二十七 敗北
親友の恋愛成就には感動どころではない。
従弟ともなるアールベインは中身がヒヒかと思う程の発情男であり、そんな男の妻にならなくて良かったねと、俺はデトゥーラにお祝いの言葉こそ捧げたい。
そして、ブランズウィックが俺の星に送られてすぐ後に、デトゥーラが婚約者として母に手配された事実から、彼等の再会が我が両親によってお膳立てされていたのだろうとウンザリと考えた。
首都星での出来事を全く知らない俺だからこそと、彼等は考えたのかもしれないが、俺はとんだ猿回しの猿である。
「さて、皆さん。いや、招かれざる方々。いい加減に帰ってくれませんかね。」
「いやよ。ここは私達の家だもの。帰る必要など無いわ。」
俺はレインに大きく溜息を吐いた。
「君との結婚どころか、君に恋をする事は無いね。」
「本当に馬鹿な男よね。私があげた最後のチャンスを台無しにするなんて。」
レインは偉そうな素振りで俺の脇に立つと、そっと右手を上にあげた。
すると今まで舞踏室の大扉前にいた筈のミモザがとことこと室内に入ってきたが、彼女の後ろとなる戸口の暗がりには銃を構えた男の影が見えた。
「私の旦那さぁ、麻薬密売で捕まっちゃって、それで離婚よ。ぜーんぶあなたのせいだと思わない?ハルベルト。」
「あれは、その旦那の置き土産か?」
「もっといるわよ。私は今朝この宙港についてから部下を全員呼び寄せたのだから。この家は良いわよね。雇ったばかりの傭兵が、防犯センサーを無効化しておいてもくれたのだもの。ふふ、気が付かなかった?」
俺とブランズウィックは目線を交わし、そして、今まで静かだったイアンがミモザが人質になっていても動いていないという事実に気が付いて、俺達はゆっくりとソファに座ったままのイアンを見返した。
彼は寝ているのか?
「イアン?」
「ふふ。死んだわよ。一瞬で。コバルトブルータイガーは本当に良い子。あなたが殺したのよ。ハル。あなたが死骸をこの部屋に持ってきたばっかりに、きっと仮死状態の一匹があなた方全員を殺してしまったのね。ああ、悲劇ね。ああ、私も悲劇。再会した私達はすぐに結婚したのに、その日のうちにあなたは死んじゃうのね。」
「うふふっふ。デトゥーラが自殺じゃなくても、こんな虫のせいで死んだんだったら、私がアールベインに疑われる事は無い。さすがですわ、レイン社長。」
俺はこの状況の打破を考えるよりも、この二人の関係が事務所社長と所属タレントなのかと納得していた。

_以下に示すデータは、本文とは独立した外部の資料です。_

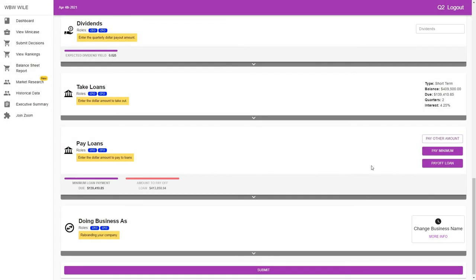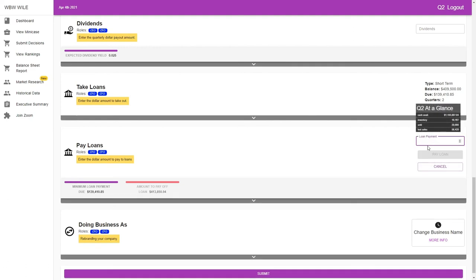So, we could also pay another amount. It could be between your minimum and the entire loan. It's entirely your decision what this number would be. Just know that it has to be larger than the minimum.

「ああ、そうか。芸能事務所だったら、興行だって星々を廻れるね。麻薬のルートを開拓できるね。もしかして、麻薬組織は富豪の旦那のものじゃなくて、君が構築したものなのかな。」
レインは嬉しそうに微笑んだ。
「ふふ、そうよ。私は生きるために必死なの。あなたと違ってね、たっかい奨学金を返さなきゃいけなかった。給料をもらうために私よりも頭の悪い上司に頭を下げたりしなきゃいけなかった。富豪たって、普通よりも金があるってだけだった癖に、俺と結婚したきゃ奨学金という借金を返してからだって捨てられたのよ。だから、稼いでやった。借金も返して、あいつよりも金持ちになってやった。そしてあいつから結婚したいって言って来たから結婚してやって、あいつに罪を着せて離婚したの。獄中で死んだそうよ。いい気味。全部あなたのせいよ。どうして自分が星だって所有できる公爵家の息子だって教えてくれなかったのよ!そうしたら、こんな生き方をする必要は無かったもの!」
「そうだね。でもさ、俺は言った事があるけどね。というか、自己紹介をしたでしょう。僕はハルベルト・アルティミシアプリンセプス君ですってね。アルティミシアプリンセプスって姓は公爵家しか名乗れないんだけど、知らなかった?」
ブランズウィックが咳払いというか、咽た。
「大丈夫?」
「ハル、それ貴族階級での公然の秘密。一般庶民は知りません。」
「うっそ。知らなかった。」
レインは奇声を上げると、俺の足元に忘れ去られていた虫の死骸袋を蹴った。
真っ黒い虫の死骸たちの多くが蹴られたことで四方八方に飛び散り、まだ袋に残った分は袋ごとミモザにぶち当たり、ミモザはへたっとその場にしゃがみ込んだ。